Prime Minister Narendra Modi has said Indian Muslims would rather live and die for India than dance to the tunes of terror outfits such as Al Qaida. He said Indian Muslims would never want anything bad for India, adding people trying to influence them to do otherwise were delusional.

Modi, set to leave for the US next week on his maiden official visit to that country, told CNN in an interview he was confident India-US relations would overcome sundry difficulties and friction to achieve a genuinely strategic alliance, as there were many similarities between the two societies. He said both Indians and Americans “have coexistence in their natural temperament”.

Modi told CNN’s Fareed Zakaria that the “mood” in both New Delhi and Washington was in “harmony” with the understanding to improve bilateral relations substantially.

Modi will attend a UN General Assembly session in New York. He will also have a meeting with US President Barack Obama at the White House, Washington.

The Indian prime minister, often criticised for his apparent refusal to tender an official apology for the anti-Muslim riots in 2002, when he was chief minister of Gujarat, has had a difficult past with the US. In 2005, the American government refused to grant him a visa because of his failure to check the riots.

In the interview, when Modi was asked about Al Qaida issuing a video earlier this month with an appeal to Muslims of the Indian subcontinent to join the Indian arm of the terror outfit, he said: “My understanding is they are doing injustice to the Muslims of our country.
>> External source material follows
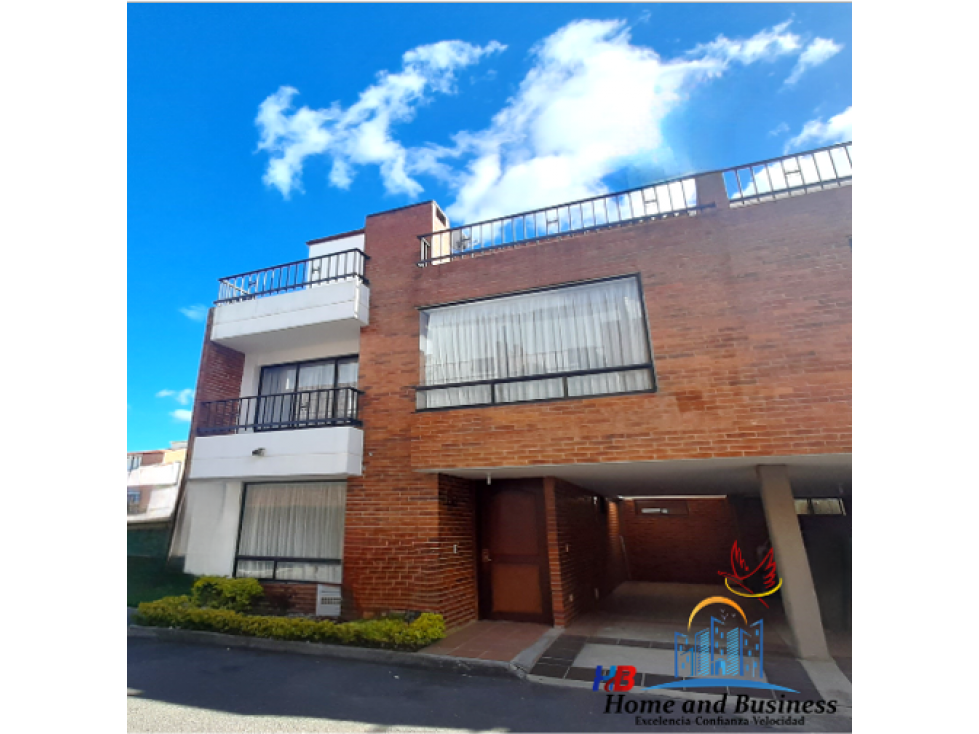 Amplia, comoda e Iluminada Casa en Caminos de Majuy, Cota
If anyone thinks Indian Muslims will dance to their tune, they are delusional.

“Indian Muslims will live for India, they will die for India — they will not want anything bad for India,” he said.

In the video, Al Qaida chief Ayman al-Zawahiri had appealed to Muslims of South Asia to join the terror outfit to end their “oppression” in places such as Kashmir, as well as Modi’s home state of Gujarat.

The Indian prime minister, whose detractors have also questioned his refusal to wear a skull cap, was also asked about the phenomenon that of the 170 million Muslims in India, there seemed to be no or very few members of Al Qaida, though it was present in Afghanistan and Pakistan. “What is it that has made this community not as susceptible?” Zakaria asked.

Modi answered he was not the authority on doing a psychological and religious analysis on this. “But the question is whether or not humanity should be defended in the world; whether or not believers in humanity should unite. This is a crisis against humanity, not a crisis against one country or one race. So, we have to frame this as a fight between humanity and inhumanity, nothing else,” he said.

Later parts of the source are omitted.